It actually took me a while to figure out what movie I wanted to watch next. Originally, I chose The Master Mystery, a movie serial from 1920, featuring a big robot and Harry Houdini of all people. I even started watching it, but then it turned out that the version I was watching did not include the whole movie (even allowing for the fact that some of the film is lost).

So then I considered another Houdini film, The Man from Beyond, from 1922. This movie features Houdini as a man found frozen in ice after 100 years (shade of Avatar: The Last Airbender!), but that seemed to the movie’s only science fiction quality. Was that enough, I wondered, to count as an actual science fiction movie?

There was a more obvious choice from 1924 that will probably still feature in this series, but I didn’t want to skip ahead that many years if I could avoid it, so eventually I navigated toward 1920’s Dr. Jekyll and Mr. Hyde. Does this count as a science fiction movie, I pondered? If you had to stick it into a single genre, you’d probably say it’s a horror movie, but obviously there is overlap. Using an admittedly (and intentionally) simplistic definition that I came up with–“a movie which features aliens, spaceships, robots, time travel or other advanced technology”–it does fit, but barely (“advanced technology”). But then I came across this article, which argues with much more scholarly foundations that Dr. Jekyll and Mr. Hyde (the book, anyway) is, in fact, science fiction.

So, with that long-winded pre-amble out of the way…

Spoilers Ahead

Dr. Jekyll and Mr. Hyde (1920 – Paramount)

Directed by John S. Robertson

The Story: Philanthropic Dr. Henry Jekyll becomes obsessed with the idea of finding a way to separate out all his dark and immoral impulses into a separate person. This results in creating a formula that turns him into the ugly and misshapen Edward Hyde. As Hyde, his lascivious and cruel acts escalate eventually to murder. Before Hyde can rape or kill Jekyll’s sweetheart Millicent, Jekyll commits suicide.

Starring: John Barrymore as Henry Jekyll and Edward Hyde, Marsha Mansfield as Millicent, and Brandon Hurst as Millicent’s father. Nita Naldi is Gina, an Italian exotic dancer that Hyde becomes involved with. Charles Willis Lane and J. Malcolm Dunn are Dr. Lanyon and John Utterson (friends of Jekyll). George Stevens is Jekyll’s butler Poole.

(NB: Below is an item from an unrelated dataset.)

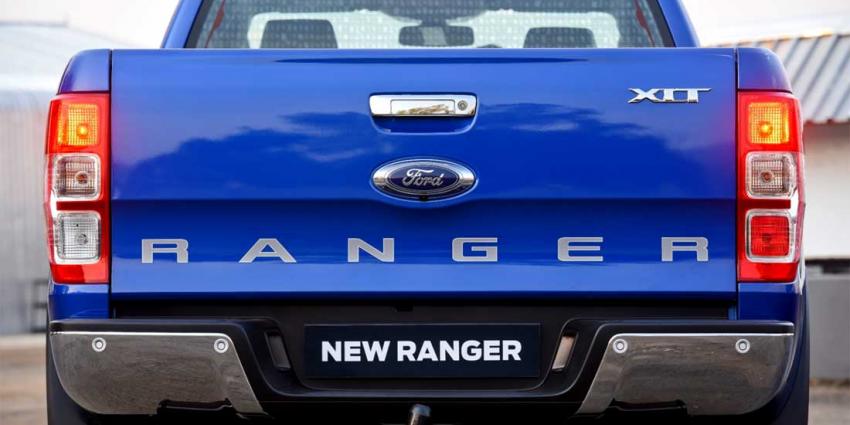 Stoere nieuwe Ford Ranger nog inventiever en robuuster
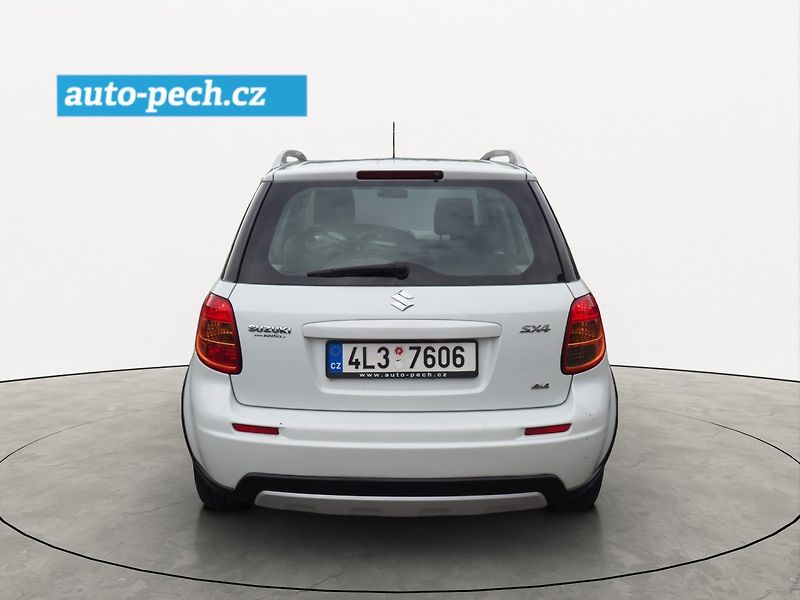 Suzuki SX4 (2013) 1.6 VVT 4x4, AC, 1.Maj CZ - fotka 3 z 32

Comments: It turns out that saying you are going to watch the 1920 Dr. Jekyll and Mr. Hyde isn’t specific enough, because there are no less than three film adaptations of the book that were produced that year, and two of them have the same name. This one, featuring legendary actor John Barrymore in the double (is that actually accurate?) role of Jekyll and Hyde is certainly the best known.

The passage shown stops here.